*Excerpted data*:
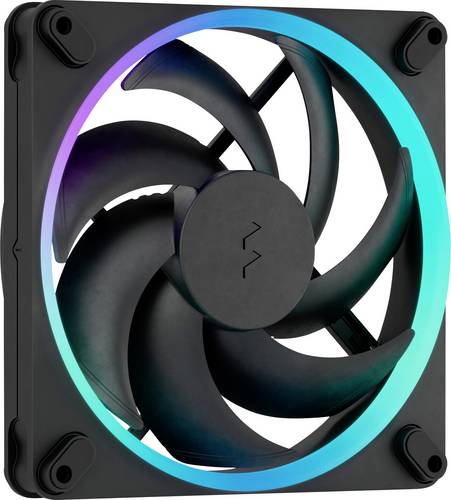 Fractal Design FD-F-MR1-1401 PC-Gehäuse-Lüfter Schwarz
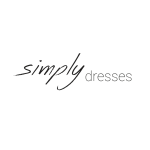 SimplyDresses: Beaded-Bodice Short A-Line Party Dress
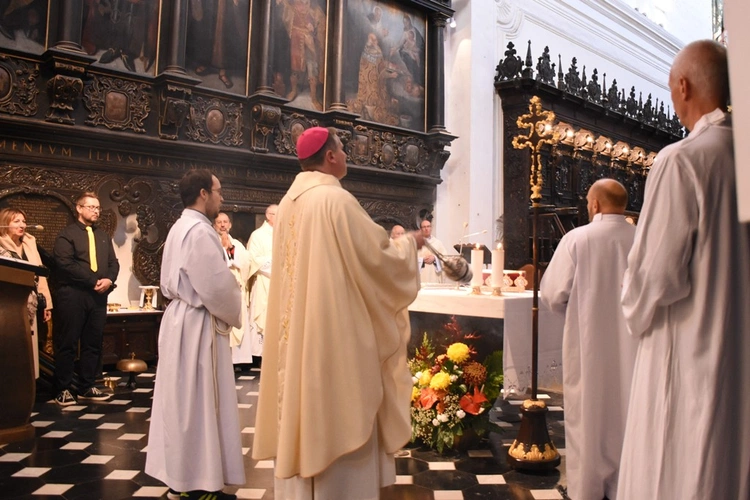 30-lecie Szkoły Nowej Ewangelizacji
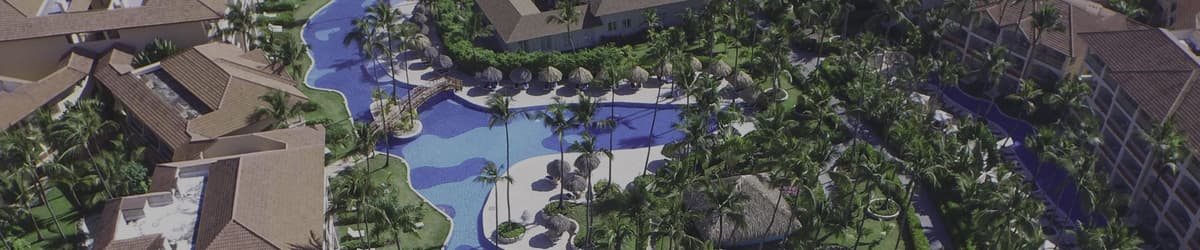 Majestic Colonial Punta Cana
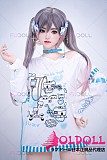 FUDOLL 161cm Eカップ 新作ヘッド#J40 楊枝甘露 （yangzhiganlu）フルシリコン製 等身大リアルラブドール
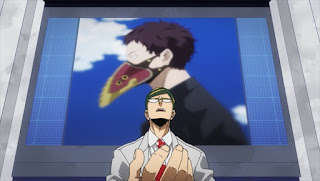 Boku no Hero Academia 4 – Episódio 06 (69) Boku no Hero Academia 4 – Episódio 06 (69)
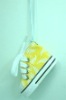 new design shoe shape car air freshener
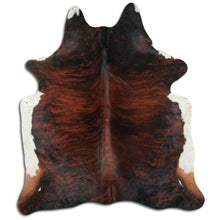 Načíst obrázek do prohlížeče Galerie, Exotická hovězí kůže L
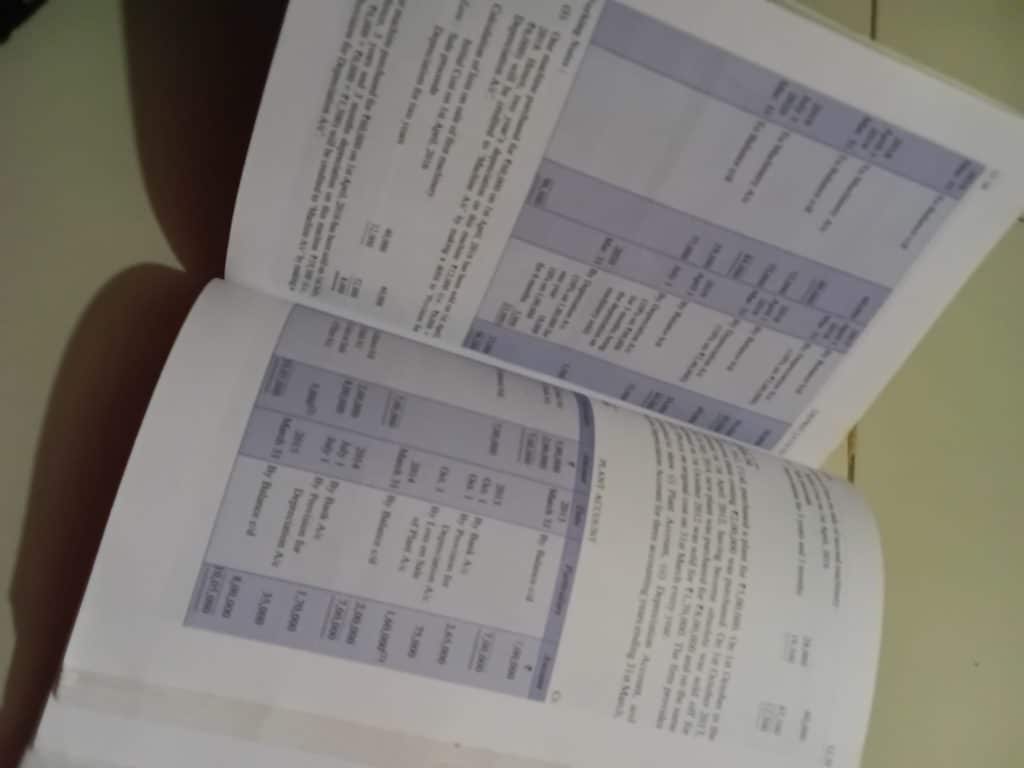 ISC Accountancy photo 2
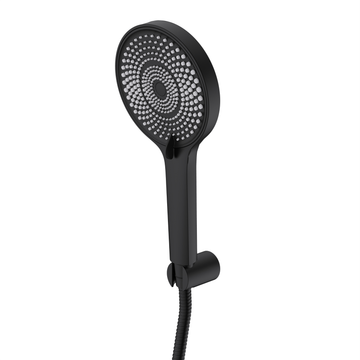 Hand Shower - Black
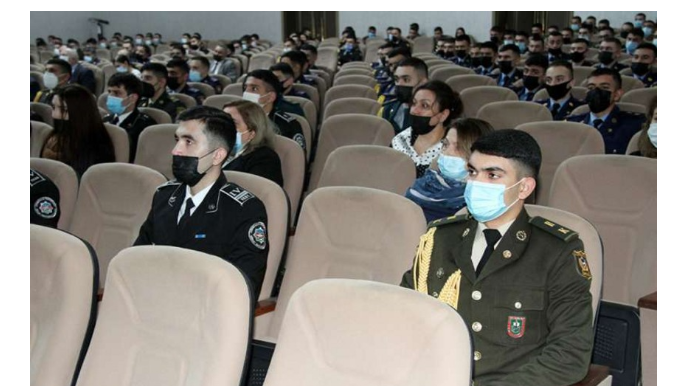 Müdafiə Nazirliyi həftəlik icmalını təqdim edib  - VİDEO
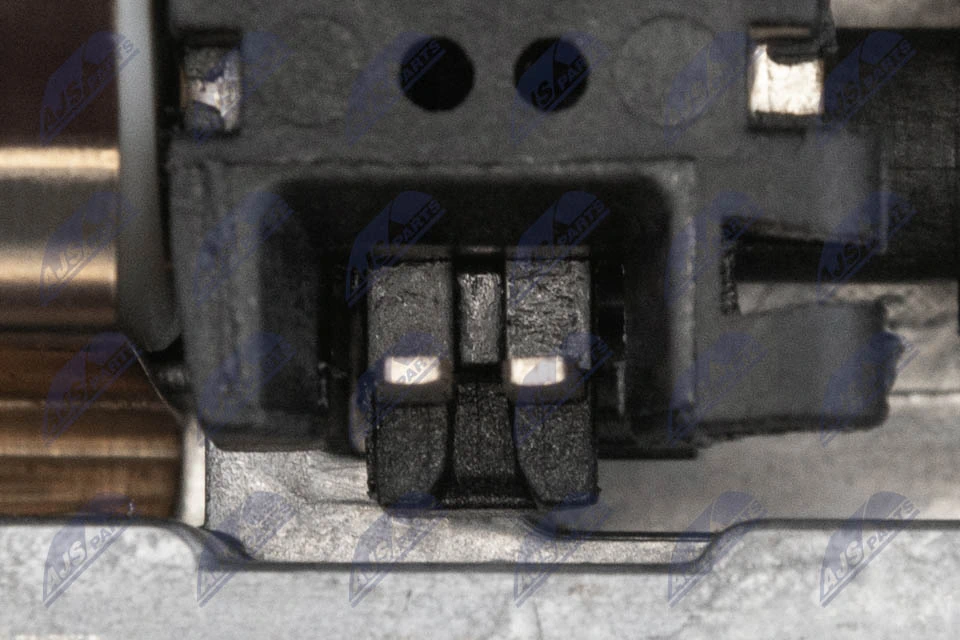 Control Box, charger ECD-AU-015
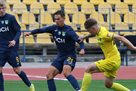 Metalist sacrificed Prykarpattya for the postponed First League match
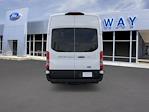 2026 Ford Transit 350 HD High Roof DRW RWD Passenger Van for sale #A215 - photo 5
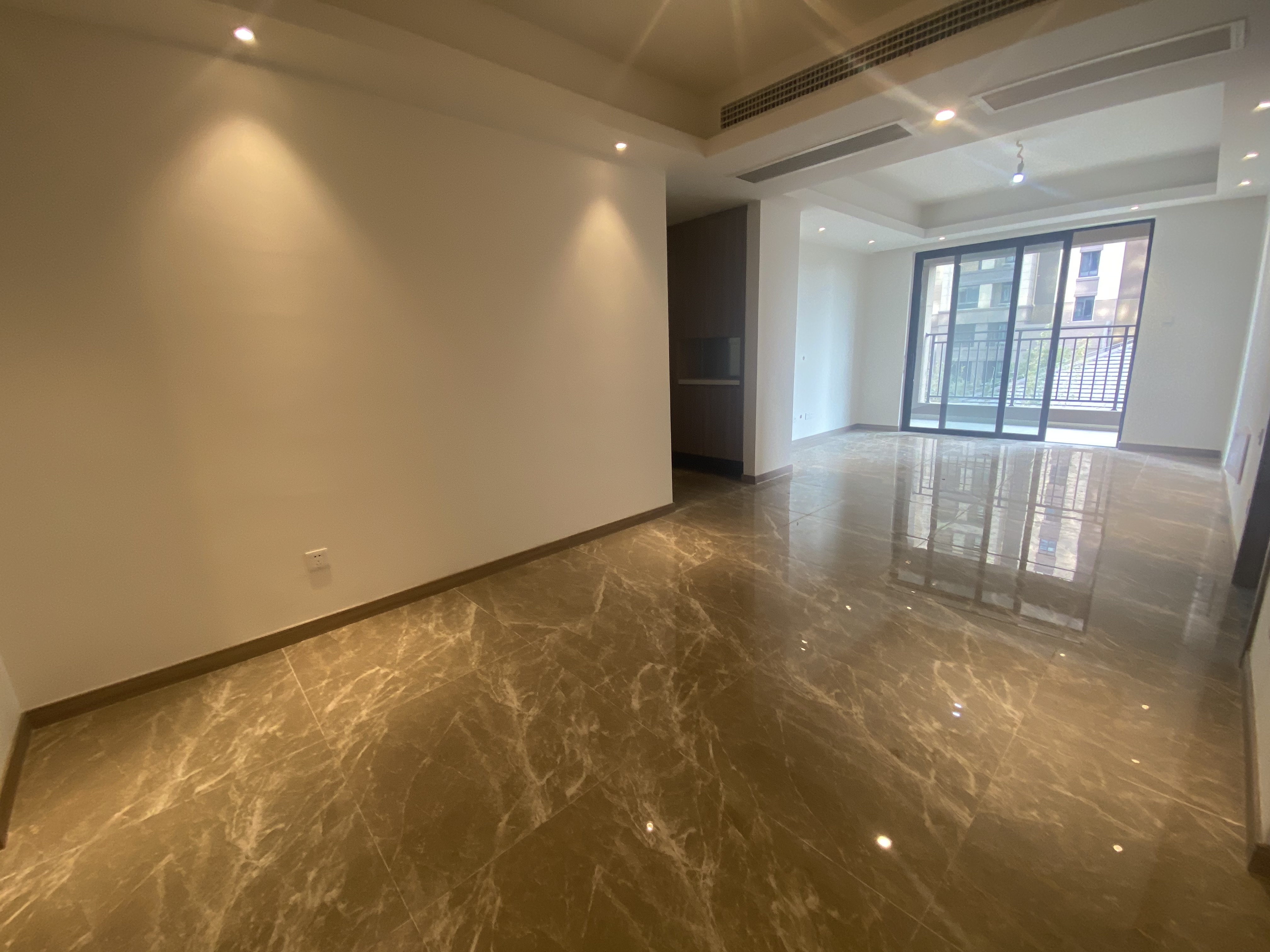 云樾河山 3室2厅2卫 118m&sup2;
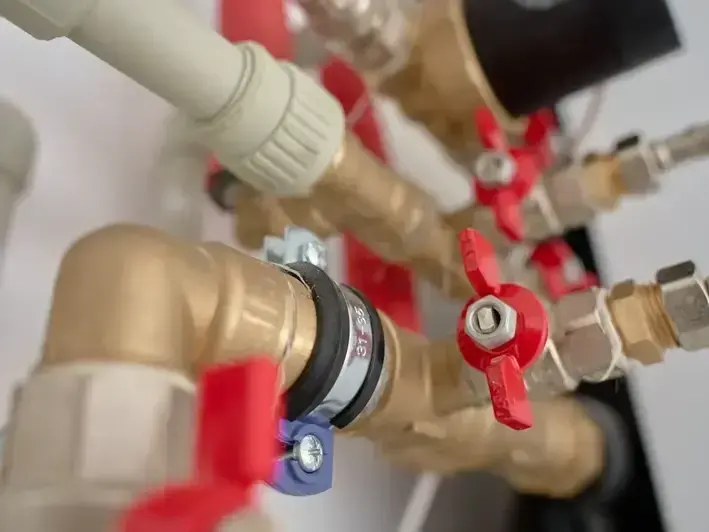 SnoFalls Plumbing LLC serving the Newcastle area &mdash; local professionals you can trust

*Aim of the task*:
Skip every image and output the remaining records exactly.

*Result of the exercise*:
 Fractal Design FD-F-MR1-1401 PC-Gehäuse-Lüfter Schwarz
 SimplyDresses: Beaded-Bodice Short A-Line Party Dress
 30-lecie Szkoły Nowej Ewangelizacji
 Majestic Colonial Punta Cana
 FUDOLL 161cm Eカップ 新作ヘッド#J40 楊枝甘露 （yangzhiganlu）フルシリコン製 等身大リアルラブドール
 Boku no Hero Academia 4 – Episódio 06 (69) Boku no Hero Academia 4 – Episódio 06 (69)
 new design shoe shape car air freshener
 Načíst obrázek do prohlížeče Galerie, Exotická hovězí kůže L
 ISC Accountancy photo 2
 Hand Shower - Black
 Müdafiə Nazirliyi həftəlik icmalını təqdim edib  - VİDEO
 Control Box, charger ECD-AU-015
 Metalist sacrificed Prykarpattya for the postponed First League match
 2026 Ford Transit 350 HD High Roof DRW RWD Passenger Van for sale #A215 - photo 5
 云樾河山 3室2厅2卫 118m&sup2;
 SnoFalls Plumbing LLC serving the Newcastle area &mdash; local professionals you can trust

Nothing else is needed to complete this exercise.